Do you own a fondue pot? And what's in it?
- alliegator Jan 29, 2013 12:02 PM
I got a fondue pot a few years ago and used it often, but kind of got burned out on it. It's been in the back of my cabinet for a while.
Maybe some of you have a favorite recipe (savory, sweet, whatever) you make that you'd like share, and it will inspire me to bring it out again.
I love the Melting Pot! It is a fun way to share food with others. Taught my niece to like scallops at the Melting Pot. The only scallops she had ever eaten were over cooked ones her father made. I cooked one in the fondue pot for about 15 seconds and gave it to her to eat. After eating, her eyes lit up and she said, "that's what they are supposed to be like, not all rubbery?".
I don't, but I remember this one thing that my mom did when I was a kid and we'd have some family or someone over. She had marinated small chunks of beef and veggies in something like vinaigrette and we'd skewer them and cook them in simmering oil in the pot. I remember it as good and fun for us kids. Sorry it's not more specific.
I got 2 as wedding gifts back in 1978. Had not used them in ages but took them out last year for Valentines day and did a 3-course fondue dinner for my husband --
(a) cheese with bread cubes & apples for dipping;
(b) beef cubes and julienned vegetables, cooked in the pot in hot oil, with bearnaise sauce for dipping; and
(c) chocolate with cake cubes and more apples.
My husband loved it, especially the cheese course. I was planning to repeat it again for Valentines dinner this year except that he has to work that night. Maybe a belated Valentine Dinner the following Saturday.
I bought one about a year ago and have used it twice. I only do broth-based fondues. One was shabu shabu. I made the broth and the dipping sauces and we cooked the meat and veggies in the broth, then added noodles to the broth and ate them, along with some of the broth. It was fun. The other was a take on a Mongolian hot pot. It was also good.
To be honest, I don't think about using the pot very often. I should bring it out more. I've thought about doing a cheese fondue, but for two people, I fear we'd power through a lot of cheese and bread! I also own a raclette maker (a Christmas gift), which is super fun, but again, makes for a decadent and not-so healthy meal. It's also a bit of a pain to clean afterward. It has a marble slab for cooking, while the little trays underneath gently melt the raclette cheese.
When I kid my family used to do broth based fondue too. We'd have several types of meat, very thinly sliced (usually beef and chicken) and some assorted veggies like mushrooms and onions.
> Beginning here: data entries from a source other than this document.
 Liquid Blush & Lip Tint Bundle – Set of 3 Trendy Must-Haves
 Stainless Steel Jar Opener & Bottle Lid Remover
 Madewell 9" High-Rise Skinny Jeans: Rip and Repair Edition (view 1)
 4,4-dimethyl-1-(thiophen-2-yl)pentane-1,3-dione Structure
There would be several different dipping sauces. At the end of the meal we would drink the broth with all of the little bits of things that feel off of our fondue. It was so much fun for me as a kid!
My husband gifted me recently with this one (by my request)
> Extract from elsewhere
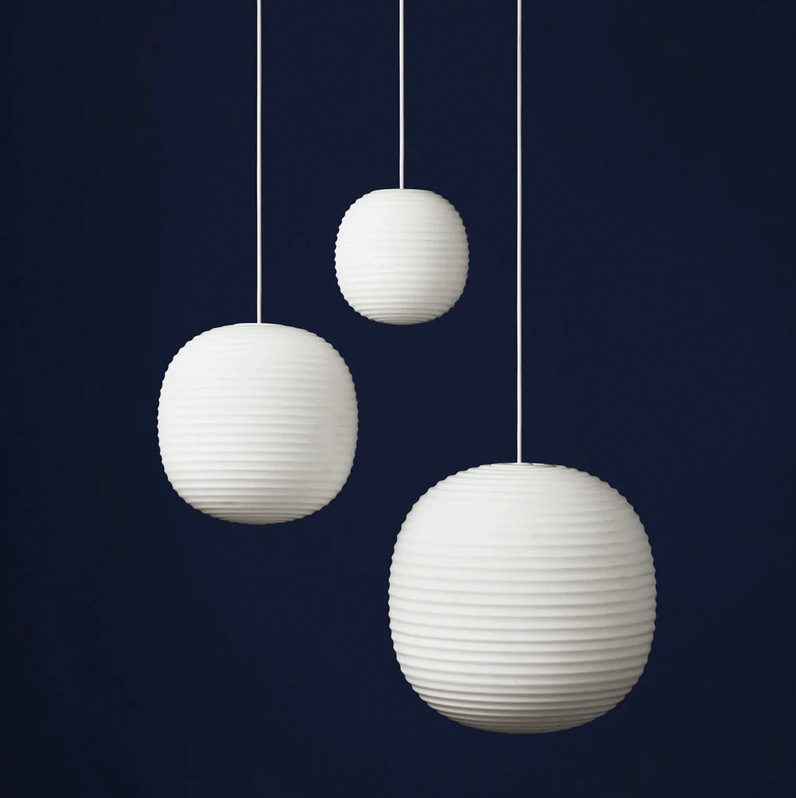 New Works Lantern Pendant - White Large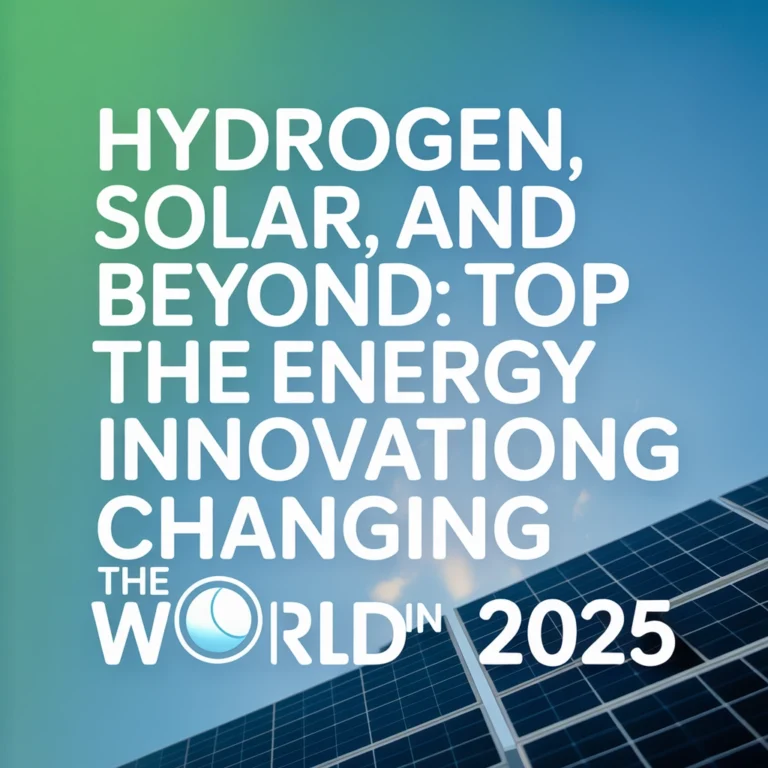 Hydrogen, Solar, and Beyond: The Top Energy Innovations Changing the World in 2025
And it's FABULOUS!!! (I have a review on the Amazon site under "Breezy"). Haven't used it for a hot pot yet, but plan to. The Swiss fondue I made for it came out so perfect; I'll never go back to one of those cheap sterno pots ever again.
As far as recipes, mine was pretty close to this one:
I used a pound of good Gruyere Comte cheese, Pinot Grigio for the white wine, & subbed in Cherry Heering for the Kirsch. It was one of the best cheese fondues we'd ever had.
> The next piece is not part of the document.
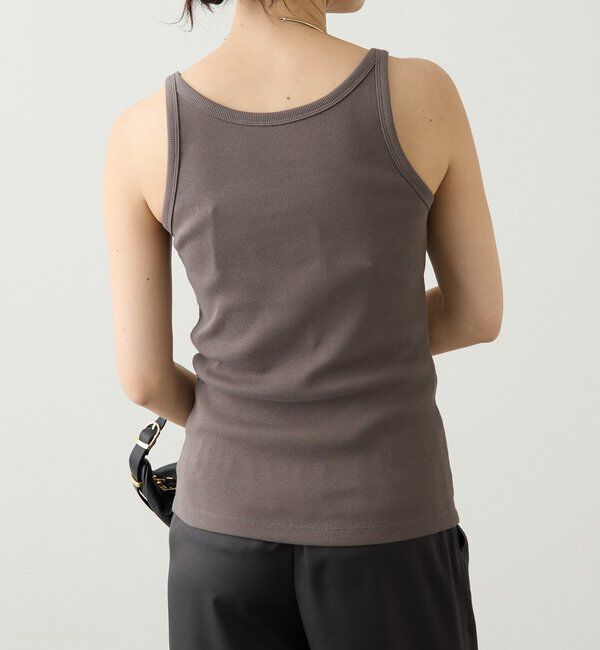  「【レイヤードスタイルに◎】ミニマルテレコタンク」|キャミソール|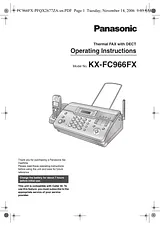 Panasonic KXFC966FX Operating Guide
And as for the performance of the fondue pot? EXEMPLARY. The temp was so easy to regulate, & the fondue stayed creamy & smooth with absolutely zero scorching on the bottom.
I can't wait to try a Chinese hot pot in this!!! This particular fondue pot comes with a ceramic insert for cheese & chocolate fondues, & a stainless pot for meat, seafood, & Asian hot pot fondues.
For you fondue naysayers - you simply don't have decent equipment - lol!!! Don't knock it until you try it with the right equipment - LOL!!!.
cheese fondue with top quality cheese is one of the best things in life, if you ask me.
That's what's in my fondue pot.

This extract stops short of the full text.